A la lecture des premières pages, on a parfois pris peur. Notamment face à certaines envolées philosophiques que n’aurait pas reniées La Palice :
« Le monde, et le monde politique en particulier, est peuplé de gens qui se surestiment et de gens qui se sous-estiment. J’ai une affection particulière pour les seconds mais je vois bien que ce sont les premiers qui réussissent. »
Pas d’anecdotes croustillantes
Contrairement à ce que l’on aurait pu attendre, ce livre ne révèle aucune anecdote croustillante pour venir nourrir un microcosme médiatico-politique qui « se parle à lui-même », selon l’auteur. La première moitié du livre est une suite d’événements connus : sa rencontre avec Alain Juppé, « à l’occasion d’un événement qu'[il] ne [racontera] jamais à personne » ; le fait que son patron aime converser en latin ou qu’il ne faut jamais lui faire sauter de repas… OK.
L’auteur revient aussi sur les quelques « coups » réussis au cours de la campagne : une interview dans Valeurs actuelles avant celle dans Les Inrocks et la « Juppémania » qui s’en suivit, ou encore la visite surprise d’Alain Juppé au Touquet, au nez et à la barbe de Nicolas Sarkozy.
Boyer l’apparatchik n’a pas vraiment d’intérêt. Les « combats d’arrière-cuisine », les « négociations sous le manteau » n’intéressent en réalité que peu de monde. Non. L’intérêt de l’exercice réside essentiellement dans le récit des 800 jours, entre l’annonce de la candidature de l’ancien Premier ministre et sa défaite à la primaire. « Sans savoir, je viens d’entrer dans une lessiveuse, dont je ne devais ressortir, contre mon gré, que 27 mois plus tard », évoque Boyer. L’homme fend alors l’armure et laisse son cynisme grinçant au vestiaire. Le même pourtant, qui fit sa réputation sur Twitter, où il a longtemps excellé dans l’art de ciseler sa pensée en 140 caractères max.
Un témoignage sincère
Loin de l’acte de contrition, ces 270 pages sont à prendre comme le ressenti sincère et à froid du plus proche conseiller du candidat déchu… Ou plutôt vaincu, après avoir mené la course, seul en tête pendant plus de deux ans. Au fil des pages et des sondages, Boyer tente d’explorer les pistes d’un échec inattendu, jusqu’à la veille du premier tour de la primaire, le 19 novembre : « Si nous affrontons FF, c’est perdu. »
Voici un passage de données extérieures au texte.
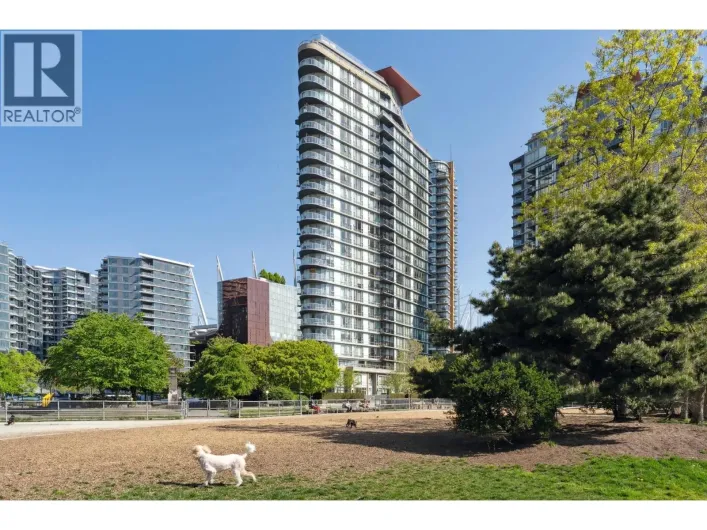 2106 918 COOPERAGE WAY, Vancouver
Rase campagne n’est pas un livre politique comme les autres. Il faut le lire d’un bloc et ne pas se contenter de feuilleter entre les pages. C’est bien écrit, toujours drôle même si, parfois, un poil de mauvaise foi. Comme lors de l’absence de réaction de son champion après les attentats de Nice du 14 juillet : « Je n’ai jamais pensé que le point de savoir qui avait réagi en premier avait une quelconque importance aux yeux des Français. » Personne n’y croit.
La rudesse physique d’une campagne
L’ouvrage nous fait découvrir une autre facette de Gilles Boyer, loin de celle de l’homme au petit sourire au coin des lèvres, un peu trop sûr de lui. On découvre alors la souffrance physique d’une campagne, le corps qui appelle à l’aide, un matin de mars 2016, après un début de malaise :
« Ce jour-là, j’ai compris qu’une campagne était physique, ce qu’AJ et d’autres avaient compris depuis longtemps », reconnaît-il. Et la solitude de l’homme chargé de rassurer tous les autres : “Toute la journée, je dois rassurer les inquiets, et inquiéter les rassurés, comme AJ me l’a toujours appris. Mais qui me rassure quand moi, je suis inquiet. Et qui m’inquiète, moi, quand je suis trop sûr de moi ?”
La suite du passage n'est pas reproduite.